* _What the task requires_
All of the data should be given again word for word, though the images are to be left out.

=-=-=

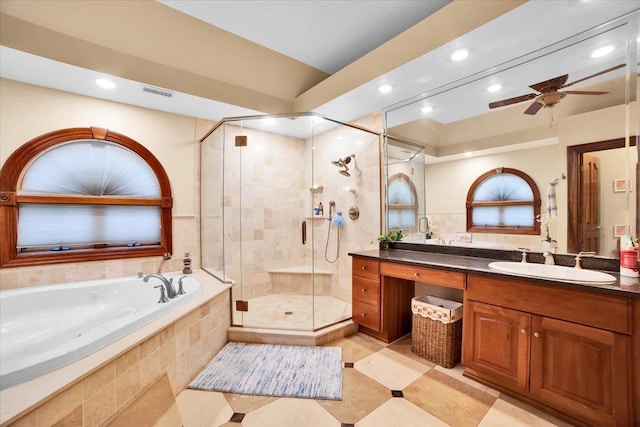 14695 Fox Hollow Ln, Lemont, IL 60439 - bathroom with vanity, a whirlpool tub, a shower stall, recessed lighting, and a ceiling fan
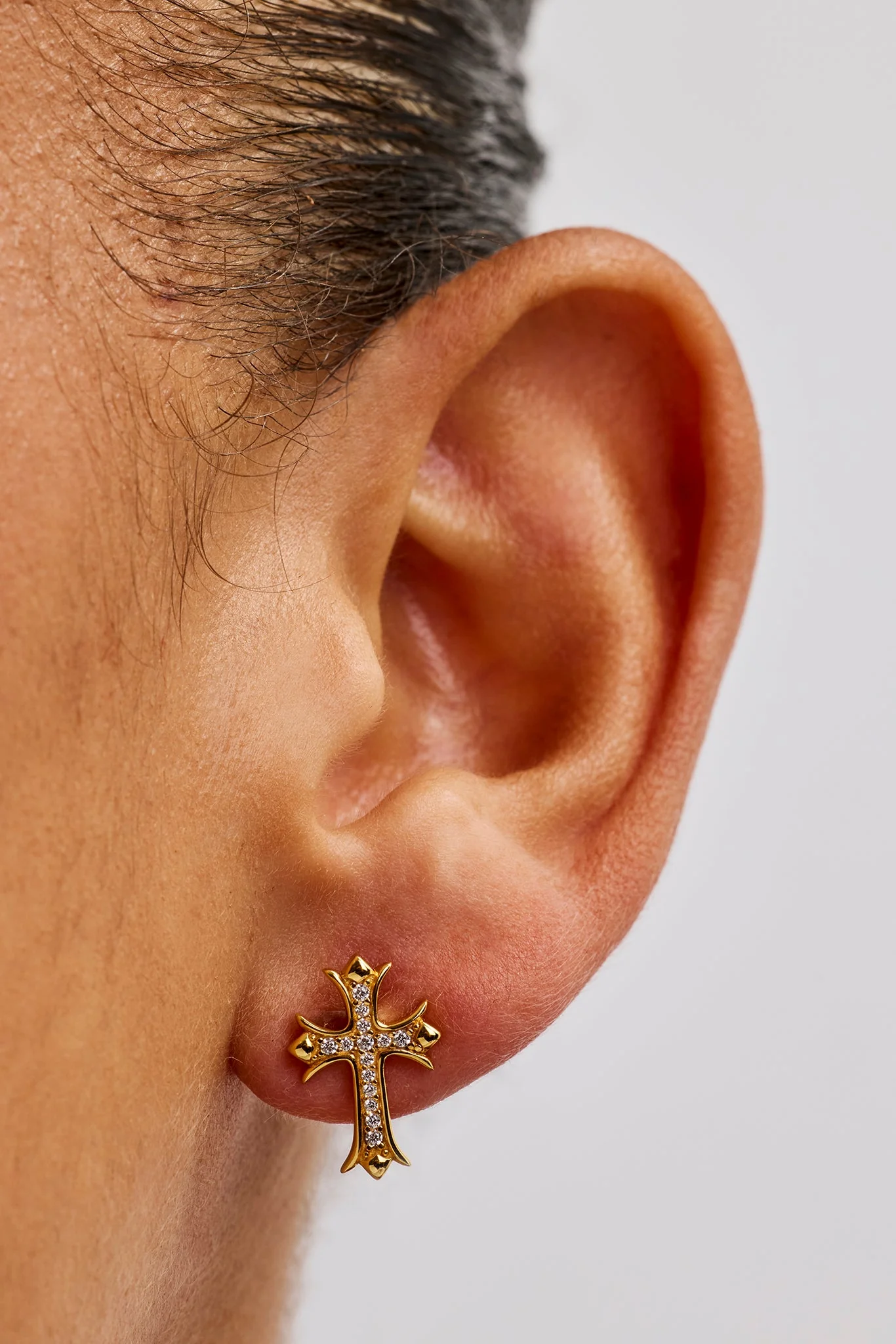 Polished Edge Iced Cross Stud Earrings - 15mm - Gold - Image 2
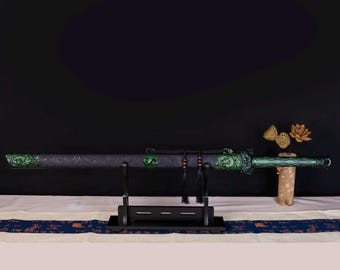 Hand Forged Dragon Katana, Green Carbon Steel Ninjato Sword, Decorative Collectible Replica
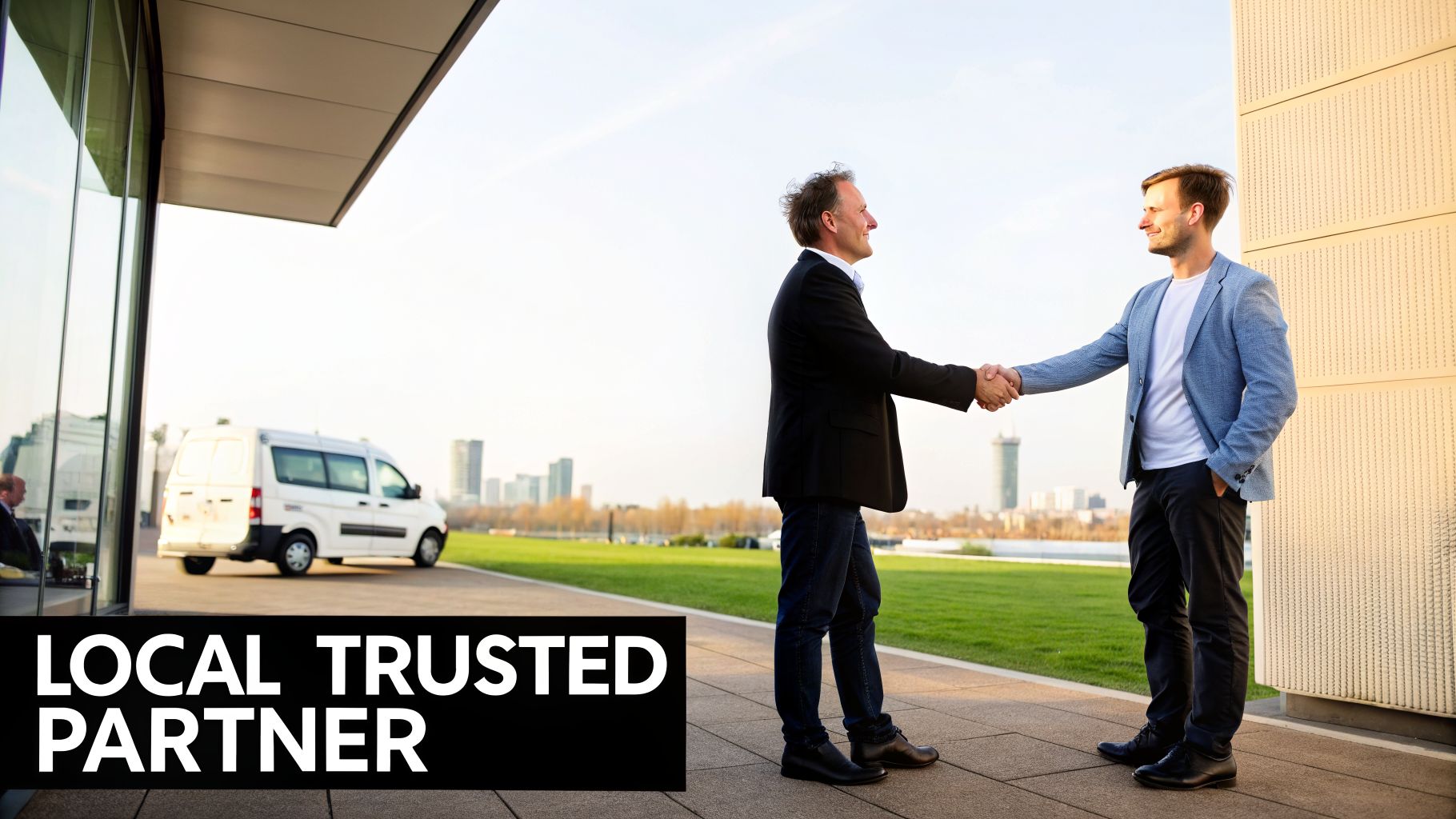 Two men in business attire shake hands, symbolizing a 'LOCAL TRUSTED PARTNER' with a city background.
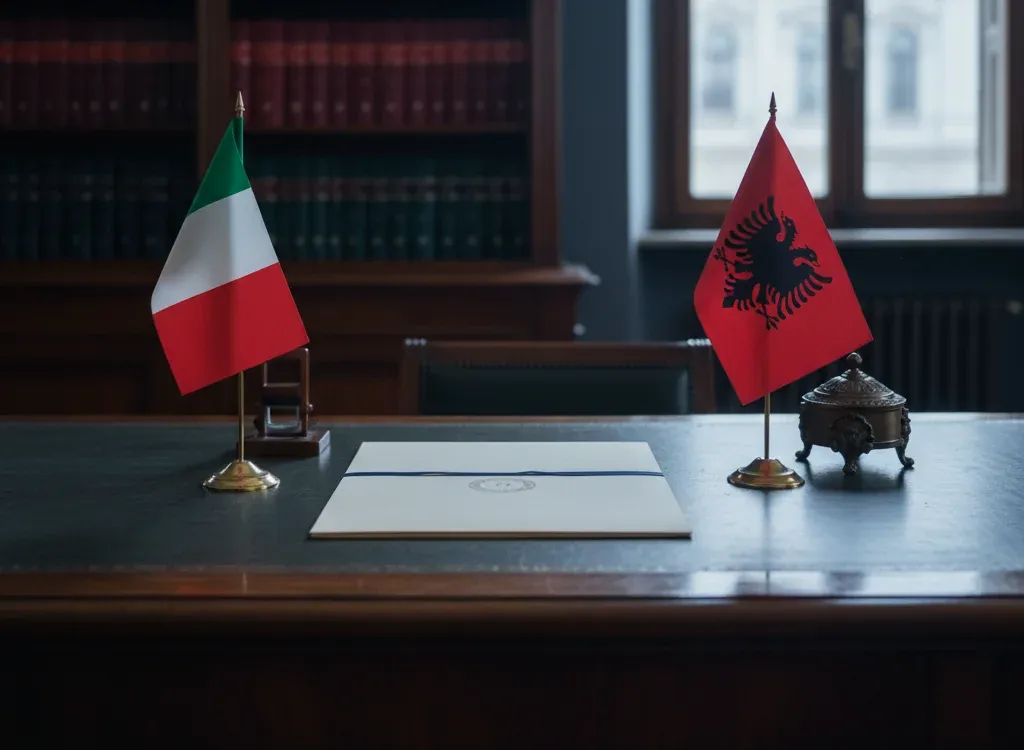 Codice fiscale italiano per cittadini nati in Albania — scena d'archivio istituzionale con bandiere Albania e Italia, codice catastale Z100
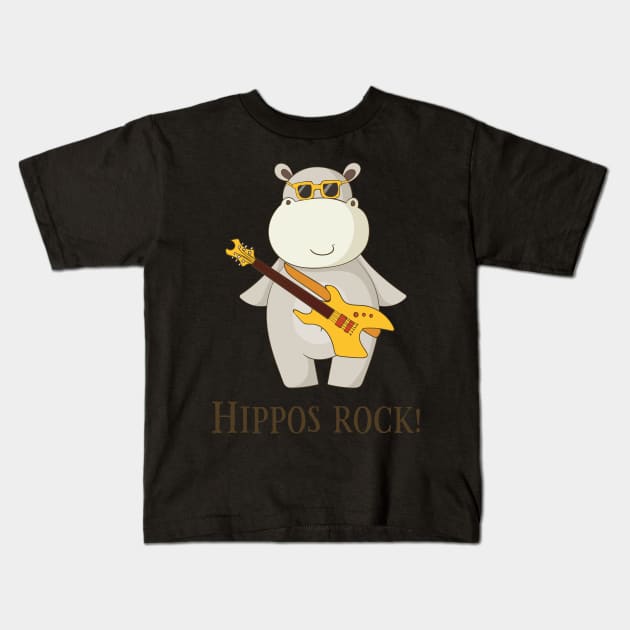 Hippos Rock, Cute Funny Hippo Kids T-Shirt by Dreamy Panda Designs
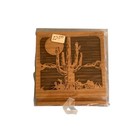 Desk Set Of 2 Laser Engraved Wood Pen And Business Card Holders Cactus Saguaro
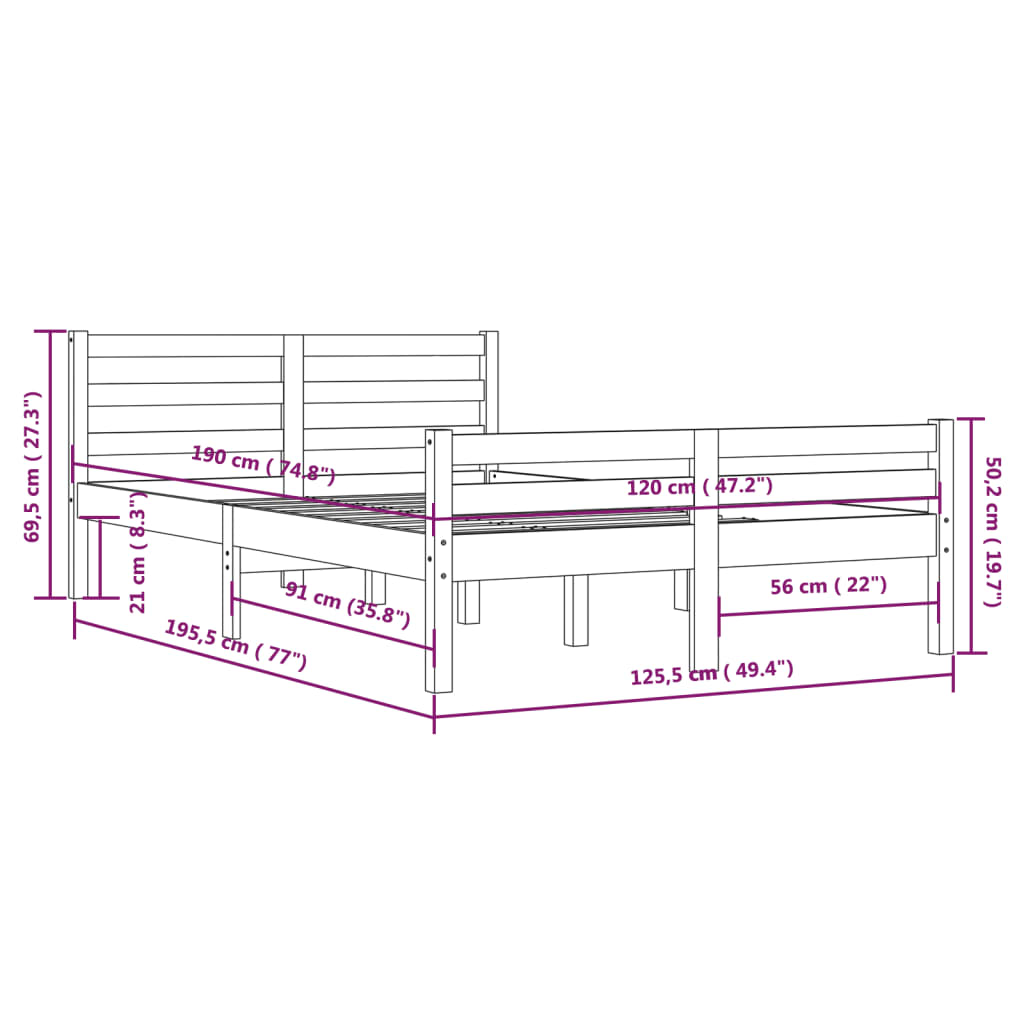 vidaXL Рамка за легло меденокафява дърво 120x190 см 4FT Small Double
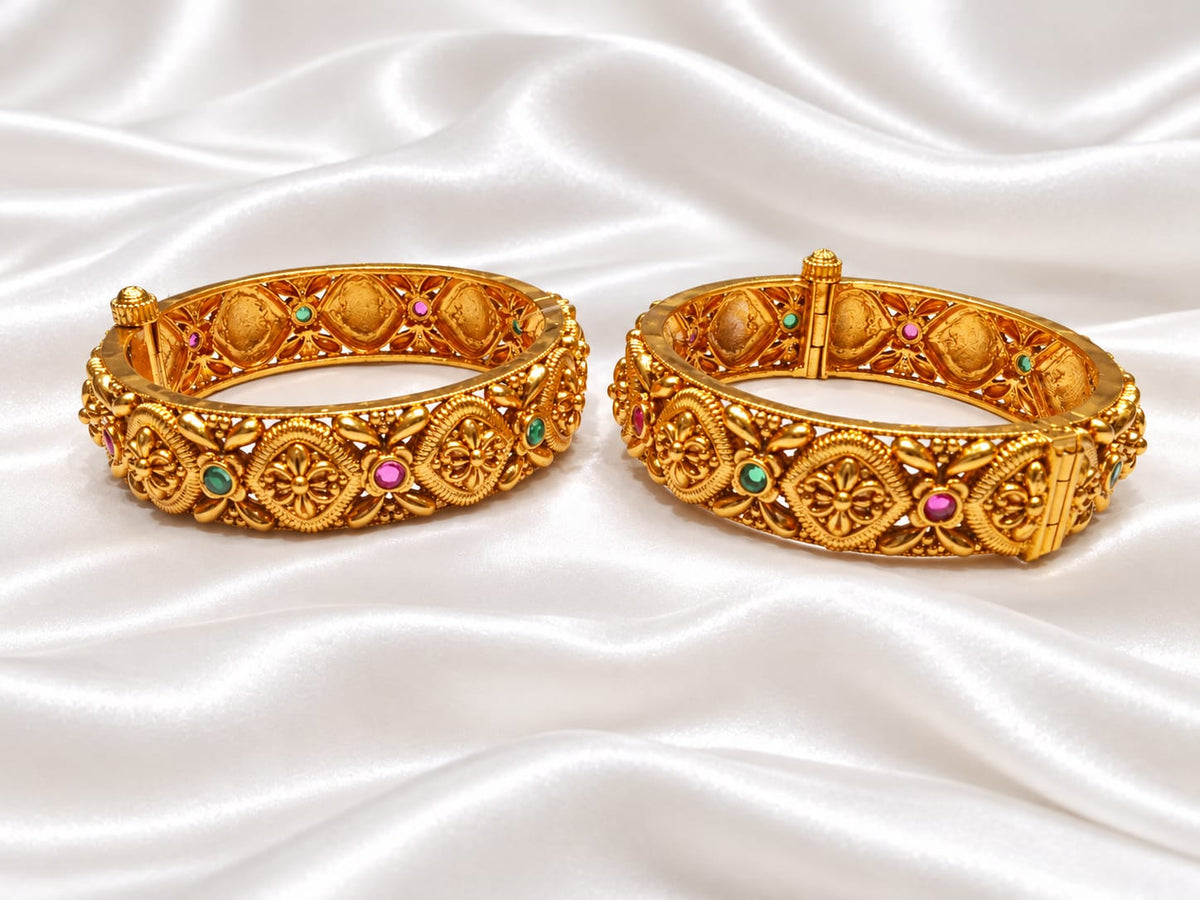 Traditional Antique Gold Plated Geometric Floral Screw Openable Kada Bangles Set (Pair)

=-=-=

* _Reply to the task_
 14695 Fox Hollow Ln, Lemont, IL 60439 - bathroom with vanity, a whirlpool tub, a shower stall, recessed lighting, and a ceiling fan
 Polished Edge Iced Cross Stud Earrings - 15mm - Gold - Image 2
 Hand Forged Dragon Katana, Green Carbon Steel Ninjato Sword, Decorative Collectible Replica
 Two men in business attire shake hands, symbolizing a 'LOCAL TRUSTED PARTNER' with a city background.
 Codice fiscale italiano per cittadini nati in Albania — scena d'archivio istituzionale con bandiere Albania e Italia, codice catastale Z100
 Hippos Rock, Cute Funny Hippo Kids T-Shirt by Dreamy Panda Designs
 Desk Set Of 2 Laser Engraved Wood Pen And Business Card Holders Cactus Saguaro
 vidaXL Рамка за легло меденокафява дърво 120x190 см 4FT Small Double
 Traditional Antique Gold Plated Geometric Floral Screw Openable Kada Bangles Set (Pair)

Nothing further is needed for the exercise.